I fear there are no easy or happy answers in Shamima’s case.
And then at the end of the week, there were the adolescent crowds walking out of class to scream that we need to wake up to climate change, allegedly inspired by sixteen-year old Greta Thunberg from Sweden. This is how Toby Young writes about these young people in The Spectator this week:
Greta Thunberg is everywhere, appearing at Davos, giving a TED talk, speaking at the UN Climate Conference in Katowice, and her message is always the same. Western governments are doing nothing to combat climate change.
She isn’t saying they’re not doing enough. No. She claims they’re not doing anything. ‘Everyone keeps saying that climate change is an existential threat and the most important issue of all and yet they just carry on like before,’ she says in her TED talk. ‘You would think the media and every one of our leaders would be talking about nothing else, but they never even mention it.’
Now, I admire Toby Young, who has done a great deal to challenge (constructively) the educational status quo in England. I have even publicly defended him in a letter to the Times, but on this, Toby, you need to cool, man.

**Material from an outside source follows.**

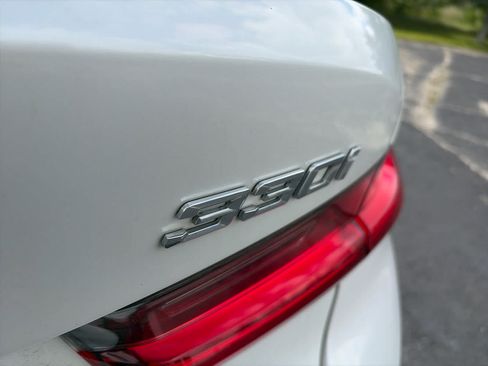Used 2020 BMW 330i Sedan w/ Convenience Package RWD image 4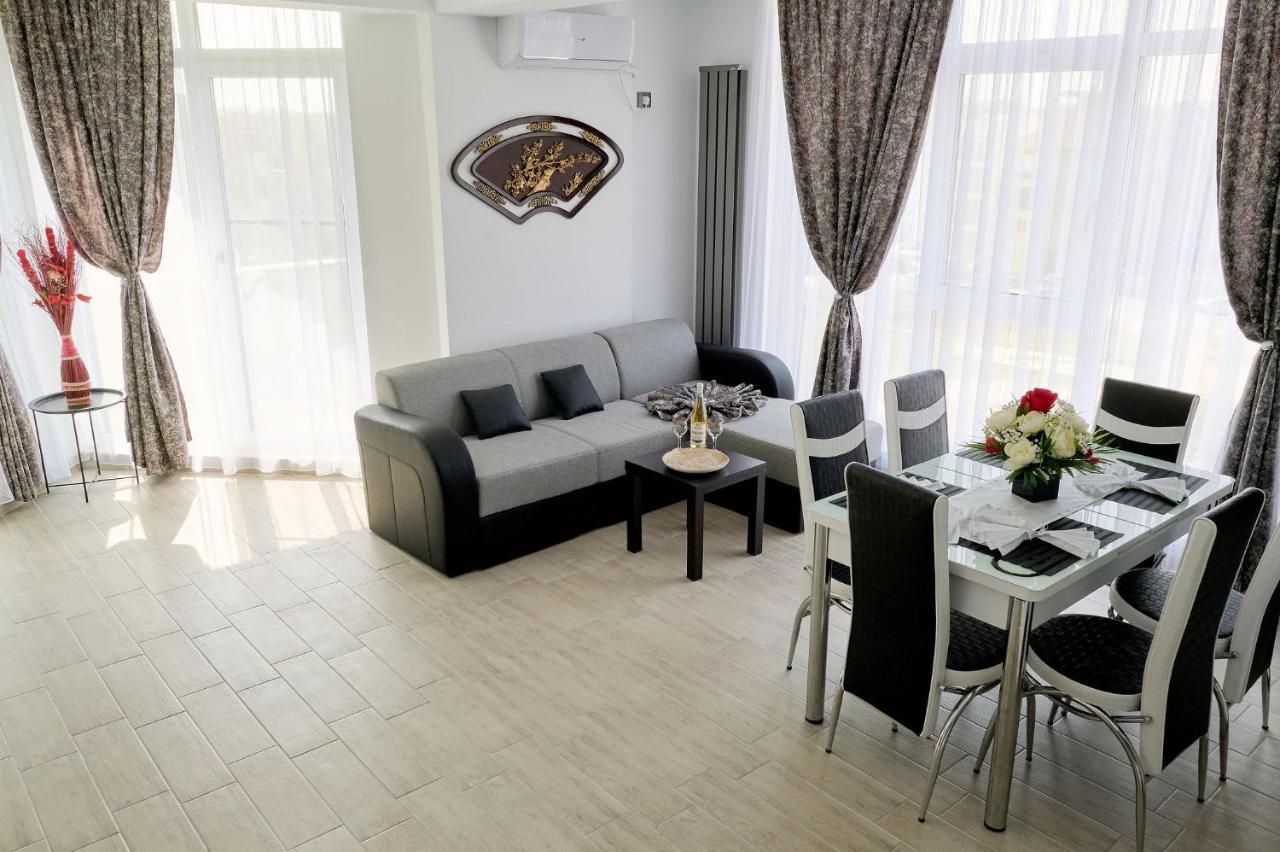 Moon Sea View Apartment - Spa N Pools Resort Mamaia Eksteriør billede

Subtlety tends not to be in the nature of the adolescent. It is all or nothing. Here sixteen-year old Greta is talking – not in her native language, mind you – but talking nevertheless with passion about a matter of global significance. Yes, she may have overstated and exaggerated, but that is what sixteen-year olds do. Some of her followers in this country are equally passionate, some probably just fancied an afternoon off. How was your behaviour when you were sixteen, Toby?
Toby goes on to say that youngsters who walk out of class are causing their teachers real problems in terms of planning lessons. Even the Prime Minister has joined in on this one, claiming that “it is important to emphasise that disruption increases teachers’ workloads and wastes lesson time that teachers have carefully prepared for.”
Maybe so, but I bet that for every teacher who had to rearrange their lesson about Boyle’s Law or reschedule that stunning presentation about the past perfect tense in French reflexive verbs, there were ten who privately sighed with relief that they didn’t have that restless bunch of terminally bored, hormonal adolescents to manage during all of Friday afternoon.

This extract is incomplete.